Mother who murdered her two children in Spanish hotel sentenced to 30 years
Lianne Smith admitted killing her son and daughter because she feared they would be taken away from her
A woman who admitted smothering her 11-month-old son and five-year-old daughter in a Spanish hotel room has been jailed for 30 years.
Lianne Smith claimed she murdered her son, Daniel, and daughter, Rebecca, with a plastic bag in her room at the Miramar Hotel in Lloret de Mar, Costa Brava, in 2010, because she feared they would be taken away after her partner, Martin Smith, was arrested on sex offence charges.
The family had been living in Spain since 2007 after fleeing Lichfield, Staffordshire, when Smith's eldest daughter by her first husband accused Martin Smith of sexually abusing her.
Martin Smith, originally from North Shields, had been a singer working in North-east clubs before working as a TV psychic. Lianne Smith was living in Wallsend, Tyne and Wear, and going through a divorce from her first husband when she met him through a dating agency in October 1992.
Previously the couple lived together in a caravan in Northumberland, with Lianne's two children from her previous marriage. Later they moved to Cumbria, where Lianne worked as a manager at Cumbria County Council's children's services department.
The murders took place shortly after Martin Smith had been arrested in Barcelona by Spanish police acting on a European warrant.
Lianne Smith, 45, thought British social services had travelled to Spain to take her children away from her.
During the trial jurors heard how Smith had made several failed suicide attempts after the killings. These included cutting herself with razors, covering her head with a plastic bag, attempting to hang herself and trying to drown herself in the bath.
She left four notes and an envelope containing money for the hotel bills before the suicide attempts.
"I love you very much. I haven't been able to give you a marvellous life together. I am so sorry," read one of the notes, addressed to her two children.
The next day she walked into the hotel reception and asked police for an ambulance to be called.
She led an officer into her room and pointed to a bed where the dead children lay covered by sheets, and confessed to the murders.
Last month, jurors at a provincial court in north-east Spain decided that Smith was criminally responsible for her children's deaths, despite her defence lawyers' pleas that she had been in a state of "psychiatric disturbance" at the time. "This was the end of the road. I knew my children would be taken back to England," Smith told Spanish officers in a video interview that was showed to jurors.
She added: "I felt I was in a corner and my intention was for me and my children to go. It was not just the children, it was me as well."

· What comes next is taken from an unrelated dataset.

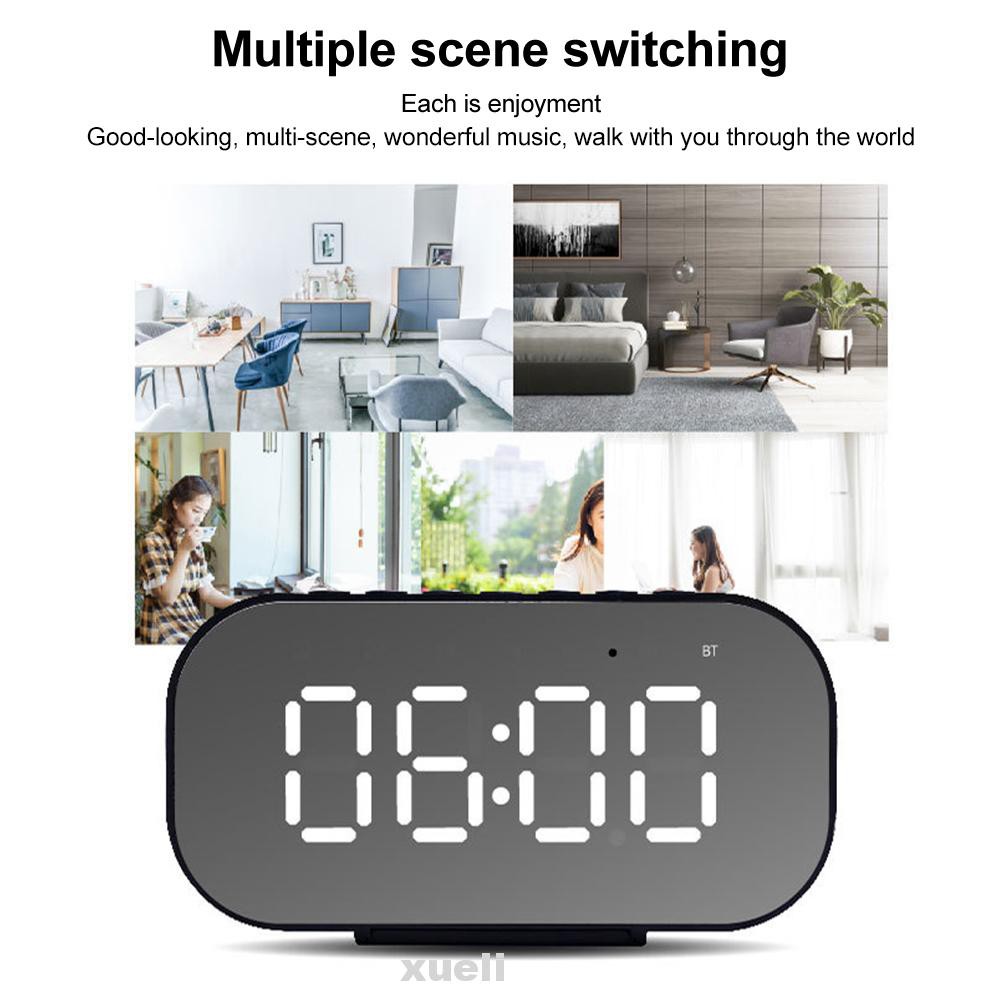 Digital Bedside Wireless Portable FM Radio Alarm Clock USB Rechargeable Mirror Surface HiFi Stereo Bluetooth Speaker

In December 2010, her partner Martin Smith was found guilty at Manchester Crown Court of using hypnotism, bullying and violence to groom and sexually abuse Smith's eldest daughter, Sarah Richardson, who has waived her right to anonymity.
He was found hanged in his cell at Strangeways Prison in Manchester in January.
Despite prosecutors seeking a jail term of 34 years, Smith was sentenced to serve 30 years behind bars yesterday – a 15-year sentence for each of the murders. Judge Adolfo Garcia Morales said he was imposing the minimum sentence for murder because he considered that, although responsible for her actions, Smith was suffering a degree of "mental disturbance" when she committed the crimes.
"The jury stressed that this mental disturbance was not as important as the defence had argued," he said in a written sentence.
It read: "This was based on facts such as several suicide attempts made by Smith, a statement she gave during which she appeared normal and did not make any significant mistakes as she described what had happened and how it happened, the composition of several coherent notes, and the calculations that she made in order to pay what she believed she still owed to the hotel."